Sandboxing and Safety

Every workload runs inside an isolated sandbox. This protects the host, the operator, and the customer while making agent behavior reviewable.

Isolation Technologies

Operators choose isolation based on security requirements and workload type:

Docker containers provide process, filesystem, and network separation. Containers are lightweight, well-understood, and suitable for most workloads where standard isolation suffices.

gVisor adds an additional isolation layer by intercepting system calls through a user-space kernel. This limits attack surface and is suitable for higher-security workloads where container escapes are a concern.

Firecracker micro-VMs provide hardware-level isolation with millisecond boot times. Suitable for workloads requiring the strongest guarantees, where even kernel-level exploits should not compromise the host.

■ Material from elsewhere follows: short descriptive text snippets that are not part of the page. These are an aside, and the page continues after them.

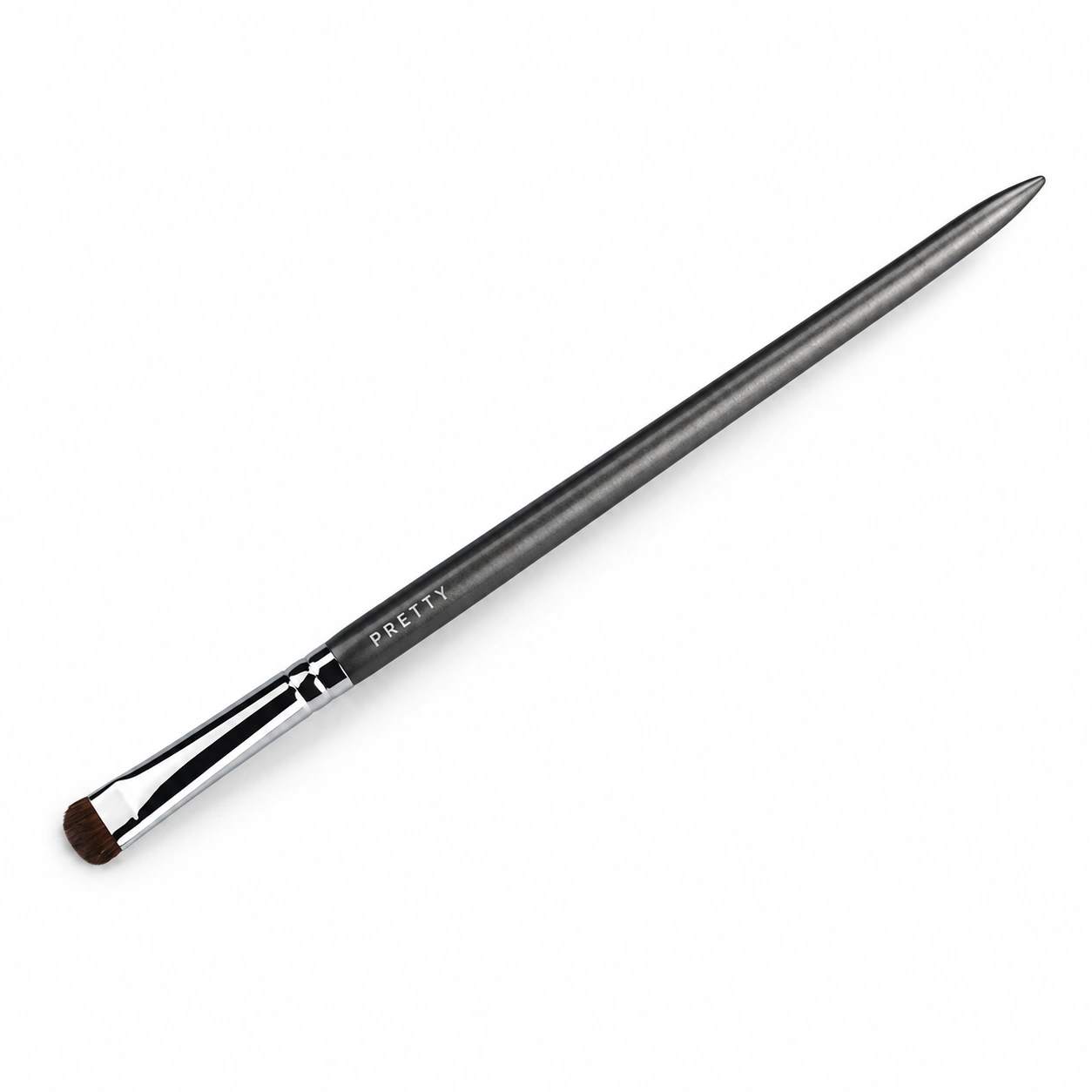 Slim gray handle and silver-tone ferrule with a small brown flat head, produced brush design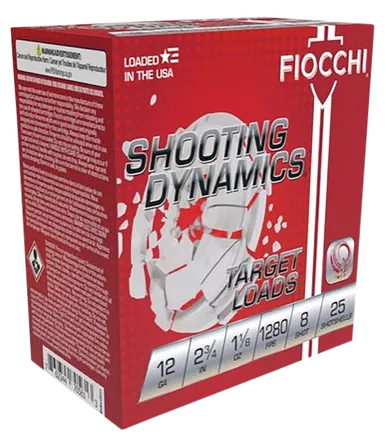 Fiocchi Shooting Dynamics 12 Gauge Ammo 2-3/4" #8 Shot 1-1/8 oz Box of 25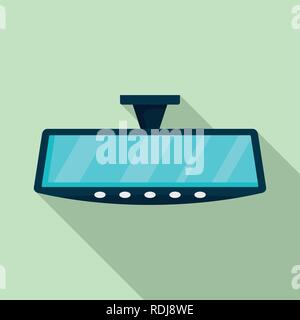 Car back mirror icon. Flat illustration of car back mirror vector icon for web design Stock Vector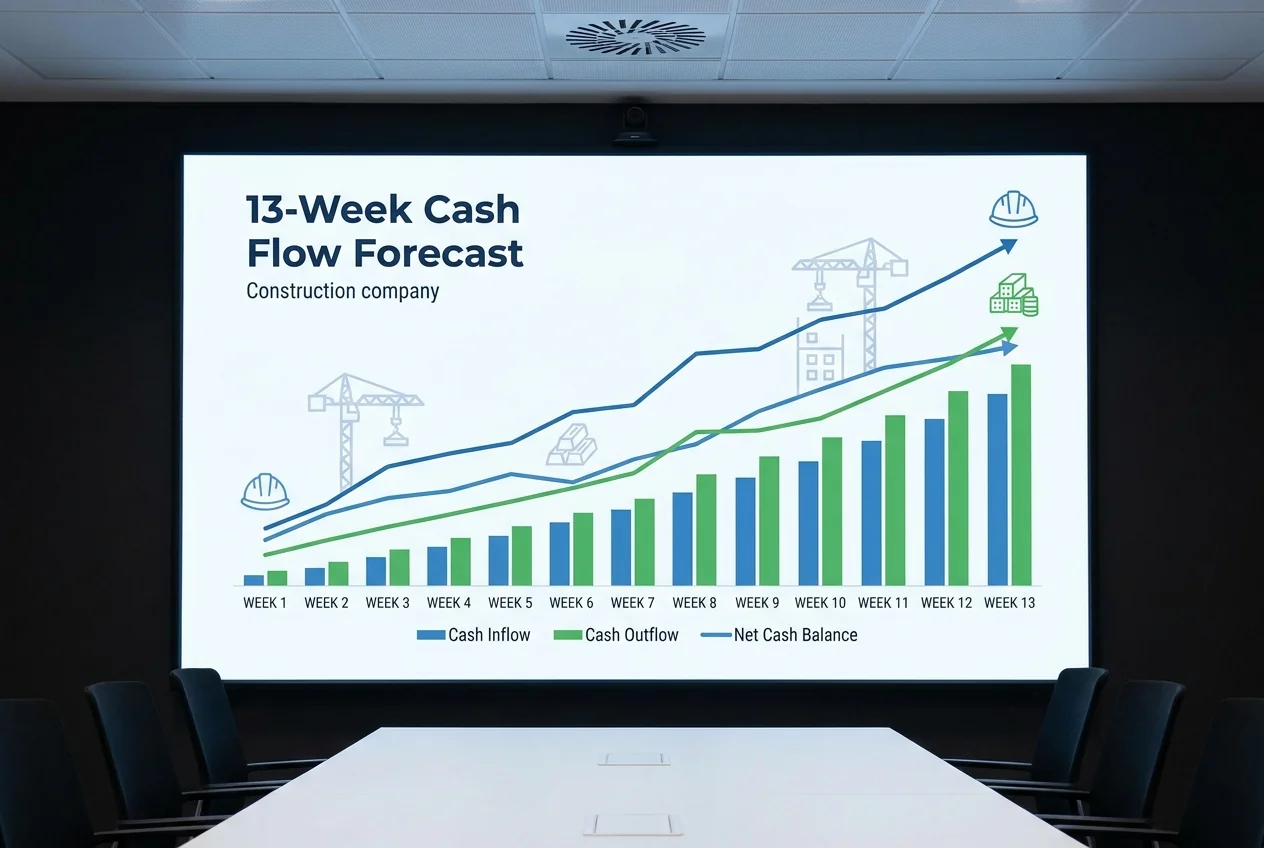 Thirteen-week cash forecast dashboard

Operators declare supported isolation technologies. Customers specify requirements when requesting services.

Isolation Guarantees

Regardless of technology, these guarantees must hold:

• Process isolation: No access to host resources or other sessions.
• Filesystem isolation: Private storage with quotas.
• Network isolation: Restricted external access per policy.
• Resource limits: Bounded CPU, memory, and I/O consumption.

Operators who fail to maintain isolation guarantees are subject to slashing.

Policy Enforcement

Each sandbox enforces:

• Tool allowlists: Which tools the agent can invoke.
• Domain allowlists: Which external endpoints are reachable.
• Data access policies: What files and secrets are available.
• Budget limits: Token and compute ceilings per session.

Policies are defined in workbench profiles and enforced at the runtime level.

Auditability

Every session produces:

• Event streams: Real-time logs of agent actions.
• Execution metadata: Timing, resource usage, and exit status.
• File snapshots: State of the workspace at key points.

This makes execution reviewable and supports dispute resolution when issues arise.